Os contrastes da arte

Você já parou para ima­ginar como seria o ate­liê de grandes nomes das artes, a exemplo de Clau­de Monet e Auguste Renoir? O artista plástico Luiz Mau­ro não só pensou nisso, como dedicou anos a fio para, a par­tir das fotos destes espaços, mostrar o seu olhar a cada um destes lugares de criação. O resultado do intenso mergu­lho à história e subjetividade da arte vai poder ser confe­rido na exposição “Na Escu­ridão do Ateliê Nasce a Luz”, que abre hoje, às 19h, no Cen­tro Cultural UFG. O evento marca ainda a volta do artis­ta às exposições individuais, o que não fazia há 13 anos.

Com curadoria de Divino Sobral, a compilação traz 18 trabalhos, que contemplam, além de Renoir e Monet, os ate­liês de outros nomes interna­cionais da arte, como Anish Kapoor, Ad Reinhardt, Roy Li­chtenstein, Benjamin Johnston e Georgia O’Keeffe. Há também representantes brasileiros, a exemplo de Rubem Valentim e Lygia Clark. As obras fazem parte de uma série “Ateliê”, que foi apresentada em 2015 no Maison Européenne de la Pho­tographie (MEP), em Paris, um dos principais espaços dedica­dos às fotografias na Europa.

Na França, a exposição che­gou sob o título “Des Peintures Comme des Photographies” e, conforme Luiz Mauro, foi bem recebida por público e crítica. “Muita gente ficou surpresa por encontrar pinturas em um es­paço tradicionalmente dedica­do à fotografia, o que fez com que os curadores de museus, críticos de arte de diversos ve­ículos de comunicação e gale­ristas demonstrassem grande interesse pelo meu trabalho. As exposições foram abertas numa terça-feira à noite e na quinta-feira à tarde já haviam mais de 1.400 assinaturas de vi­sitantes”, relembrou o artista.

“Na Escuridão do Ateliê Nas­ce a Luz”, apesar de comparti­lhar a mesma essência – e alguns trabalhos – da exposição pari­siense, também apresenta obras inéditas. Até porque, muitos tra­balhos daquela época foram vendidos – e por tal motivo nem foi possível dar continuidade a uma exposição agendada logo em seguida no Rio de Janeiro.

TÉCNICA

Além de impressionar o ve­lho mundo, pode-se dizer que a série “Ateliê” revolucionou a forma de Luiz Mauro fazer arte. Pois, apesar de sempre ter man­tido uma relação de proximi­dade e respeito com a história da arte e espaços arquitetôni­cos, trabalhar com a fotografia é um processo relativamente novo para o artista. Afinal, Luiz Mauro, que começou a pintar na década 1980, durante maior parte da carreira trabalhou so­mente com pintura sobre tela. “Papel para mim servia ape­nas como estudos para chegar à obra final”, revela.

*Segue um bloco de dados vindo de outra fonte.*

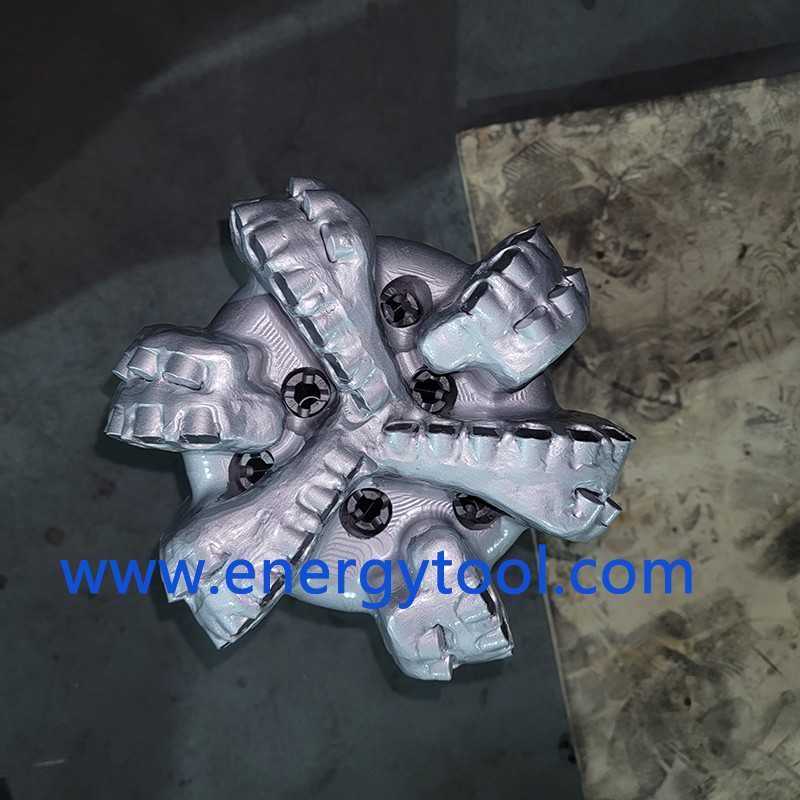 Hard Rock  Diamond PDC Drilling Bit  9-1/2 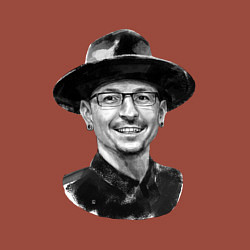 Свитшот хлопковый мужской Chester from LP, цвет: кирпичный — фото 2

Agora, tudo mudou: ten­do o papel como suporte, ele acrescenta à imagem várias camadas de nanquim e tin­ta a óleo. Uma das princi­pais abordagens deste novo processo é a transposição de imagens documentais para o universo da pintura e do desenho. E o resultado é um jogo interessante entre luz e sombras, em que é revelada não só o espaço físico, mas a carga emocional e dramática guardada cada ateliê.

“Esses trabalhos surgem por meio da fotografia, mas a po­ética só aparece quando sub­jetivo essas imagens, quando tomo esses espaços para mim, porque na realidade eu não tento retratar esses espaços, o que faço é tomá-los para mim, como se eu quisesse preservar esses ambientes na minha me­mória”, explica o artista.

E esta capacidade de criar em cima de algo tão concre­to, para Divino Sobral, trans­forma o trabalho de Luiz Mauro em algo “nada foto­gráfico”. “O objetivo de Luiz Mauro não é reproduzir lite­ralmente a fotografia, e sim utilizá-la como matriz para a construção de uma obra que parte do registro documental para atingir o estado poético repleto de melancolia, e que exibe em si mesma seu modo de fatura cambiante entre desenho e pintura e sua exis­tência autônoma da fotogra­fia”, disse o curador.

Antes de passar por toda técni­ca que possibilita estas imagens impressionantes, o artista reali­za todo um trabalho de pesqui­sa, em livros, revistas, na internet, conversas, etc. Seu processo criati­vo é repleto de sutilezas e detalhes interessantes que o artista contou detalhadamente em entrevista ao DMRevista. Acompanhe trechos da conversa a seguir:

Evento: Mostra Na Escuridão do Ateliê Nasce a Luz

Centro Cultural UFG (Av. Universitária, 1533 - Setor Leste Universitário)

Abertura: Hoje, às 19h

Período de visitação: Até o dia 26 de janeiro de 2018, das 9h às 12h e das 13h às 18h (segunda-feira a sexta-feira)

ENTREVISTA - LUIZ MAURO

DMRevista- Foi a imagem do ateliê de Georg Baselitz que te inspirou a criar a série “Ateliê”?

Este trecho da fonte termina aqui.